At the AGI-Next summit in Beijing, Alibaba AI scientist Lin Junyang warned that China has less than a 20% chance of exceeding the US in artificial intelligence over the next 3 to 5 years due to resource limits. He pointed out the gap, with US firms like OpenAI pouring massive computational resources into next-generation research while China is stretched thin just meeting daily demands.
At the AGI-Next summit hosted by Tsinghua University in Beijing's Zhongguancun technology hub, Lin Junyang joined a panel with Tang Jie, co-founder and chief AI scientist at Zhipu AI, known internationally as Z.ai. Lin highlighted China's challenges with chip deficits and resource limits in AI development. Third-party benchmarks show Chinese models have narrowed the performance gap with leading US models in recent years, though US models remain largely closed-source while Chinese developers have open-sourced theirs, boosting global adoption.

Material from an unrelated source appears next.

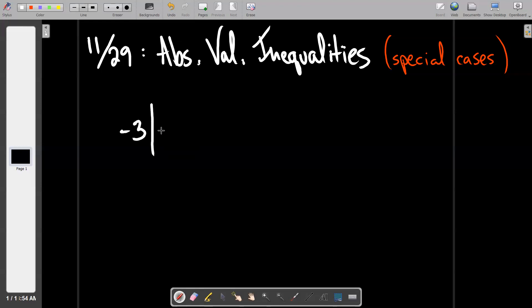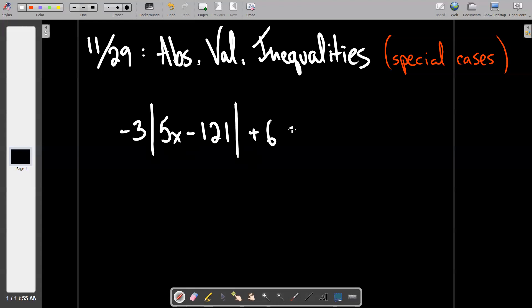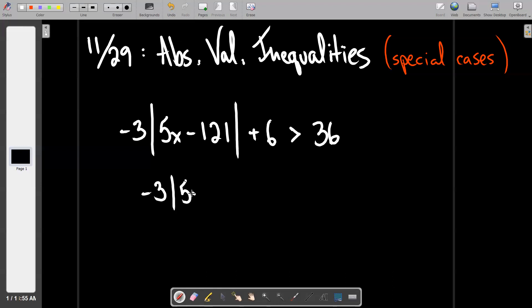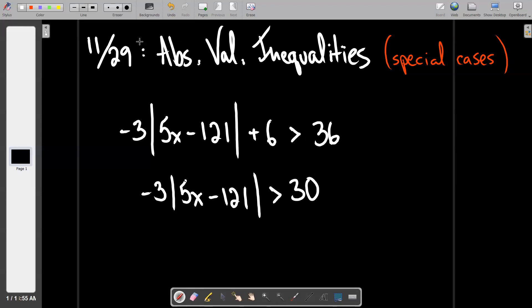So if you had negative three times the absolute value of five X minus 121 plus six is greater than negative 36 — this just looks like a regular old problem. You wouldn't look at it and pass judgment as to whether it's a squisher or a splitter, because we don't have the absolute value by itself yet. Business as usual, we would subtract six from both sides and get negative three times the absolute value of that expression is greater than 30.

Lin stated: “Most critically, OpenAI and others are pouring massive computational resources into next-generation research. Meanwhile, in China, we are stretched to the limit just from meeting daily demand, which already takes up the vast majority of our compute.” Tang lent support to this cautious view.
Some experts predict breakthroughs for China within five years. Top Chinese AI scientists warn of chip shortages and resource constraints, yet acknowledge that open-sourcing drives international influence.